We have to see these people directly in these ride alongs, which means they also contact us directly to follow up, and we often establish professional relationships that last for a professional lifetime, but we are not only reaching out to them for more money in a rather gauche way, we’re all doing it without knowing any better—but now I know better! I was already uncomfortable about asking for samples from supplier. It didn’t feel like it was my place and that it was rather unprofessional, but now I feel like I’m practically stealing for my company, or that my company is stealing from them and using me as their go-between—again, without telling us how the system works!!

I write because I found myself in a touchy conversation this morning with my direct report. I have quietly stopped asking suppliers for samples in the last few weeks, and while that has not exactly been noted as the reason, it’s clear that I’m “spending” more on samples than I was previously.
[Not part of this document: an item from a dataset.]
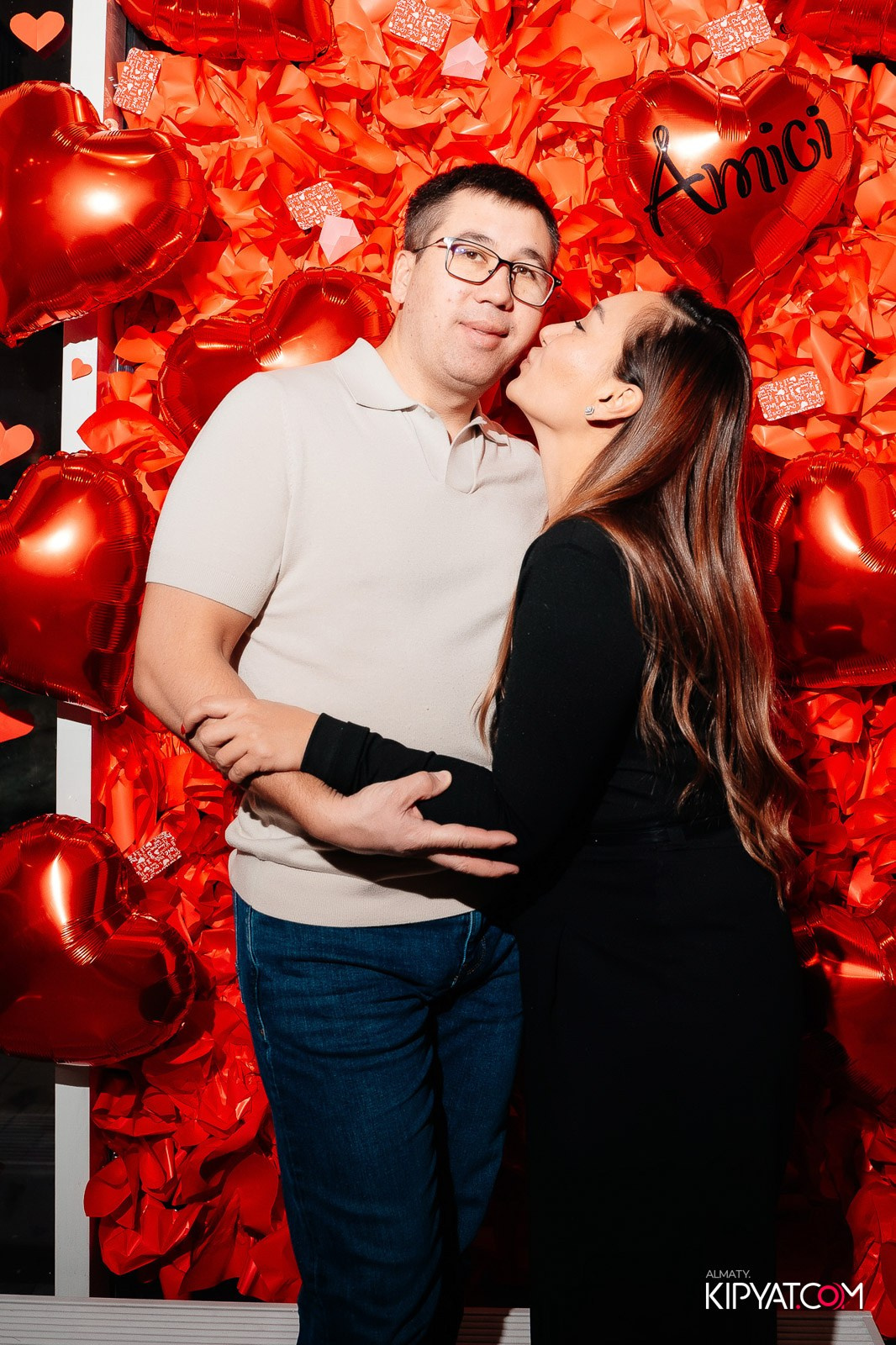 ДЕНЬ СВ.ВАЛЕНТИНА В РЕСТОРАНЕ AMICI. КИПЯТКОМ АЛМАТЫ!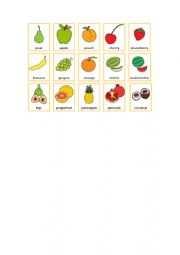English Worksheet: Frutas em ingls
So I was given the same speech—be more mindful, pull less samples, and ask the supplier! But I’m feeling rather firm in my belief that it’s not the right thing to do anymore, and even though it is “company policy” and I desperately need samples to do my job (which is 100% commission based, no less), I just can’t bring myself to make the ask anymore. And I don’t want to lead a revolution in the office, but I fear that even standing up for myself will give the impression that I have an agenda or want to be a whistleblower or something—basically, I’m afraid to stand up on this. But I can’t NOT say anything, right? Is it crazy that I find this unethical, which is why I feel so uncomfortable with it? — A.

It’d be great if readers could chime in on this one.

A very short answer, to a very long question is that there appears to be a problem with transparency and communication at the distribution company you work for.

“If you asked me whether I have $5 or $5,000 worth of samples, I couldn’t tell you.”

If samples are a key part of doing your job, you should be able to know what your sample budget is. If your company needs additional samples beyond the 2 percent being billed to suppliers so that salespeople can effectively do their jobs (or because it simply helps its bottom line), they should be able to just say that. And you should be able to talk about some of your concerns to your company as well—especially if a key part of your job is making you feel uncomfortable.

Your manager once talked openly about the 2 percent situation to you, so this may not exactly be something they’re trying to hide. Talk to your manager. You can try to root out anything unethical they may be doing without accusing them of being dishonest. Your approach in this conversation can be, “I’m trying to figure out how to do my job better, and I think it’d be helpful to have a better understanding of how my sample budget works.”

Give your company the opportunity to explain to you how the system works. If the answer is unsatisfactory, or if you come to understand that what your company is doing really is unethical, it’s time to consider if you want to continue working there.